* About this exercise: Below are the records. Retype exactly the lines between the lines holding "Here is the" and "So as luck would", inclusive.

* Information provided:
· · ·
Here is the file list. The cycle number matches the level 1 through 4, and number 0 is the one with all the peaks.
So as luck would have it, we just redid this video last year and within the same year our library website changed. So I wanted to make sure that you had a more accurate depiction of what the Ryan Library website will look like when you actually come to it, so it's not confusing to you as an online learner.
· · ·
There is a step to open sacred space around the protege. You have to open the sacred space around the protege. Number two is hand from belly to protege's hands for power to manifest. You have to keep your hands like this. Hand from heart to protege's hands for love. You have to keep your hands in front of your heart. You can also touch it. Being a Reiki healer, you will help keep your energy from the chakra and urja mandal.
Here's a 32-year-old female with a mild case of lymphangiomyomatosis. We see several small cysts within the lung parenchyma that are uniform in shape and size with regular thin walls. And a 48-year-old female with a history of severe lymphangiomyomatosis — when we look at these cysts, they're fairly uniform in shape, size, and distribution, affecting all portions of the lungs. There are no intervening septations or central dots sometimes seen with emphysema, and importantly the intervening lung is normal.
· · ·
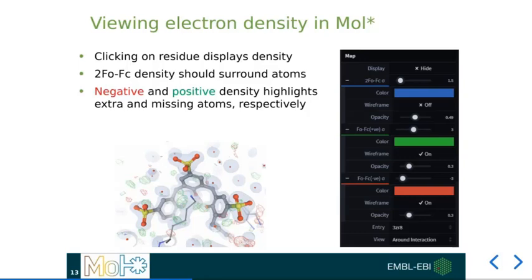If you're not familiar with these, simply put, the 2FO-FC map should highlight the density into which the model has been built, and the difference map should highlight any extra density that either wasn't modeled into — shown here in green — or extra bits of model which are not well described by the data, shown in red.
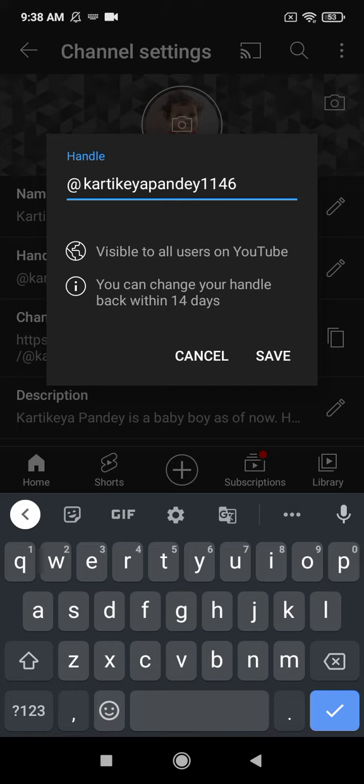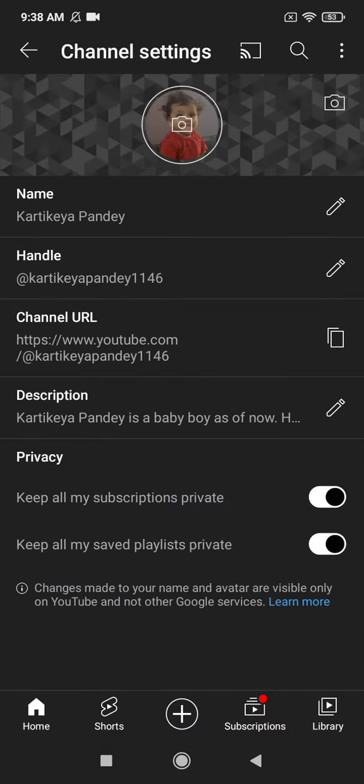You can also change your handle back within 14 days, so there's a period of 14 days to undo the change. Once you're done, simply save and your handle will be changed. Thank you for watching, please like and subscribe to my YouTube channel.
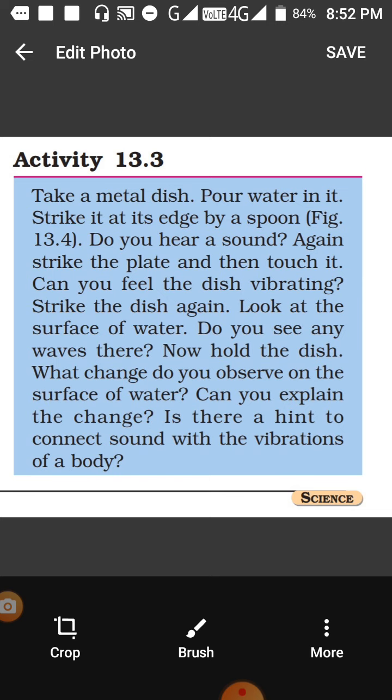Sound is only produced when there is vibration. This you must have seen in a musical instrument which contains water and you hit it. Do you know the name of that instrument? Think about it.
· · ·
* Response:
Here is the file list. The cycle number matches the level 1 through 4, and number 0 is the one with all the peaks.
So as luck would have it, we just redid this video last year and within the same year our library website changed. So I wanted to make sure that you had a more accurate depiction of what the Ryan Library website will look like when you actually come to it, so it's not confusing to you as an online learner.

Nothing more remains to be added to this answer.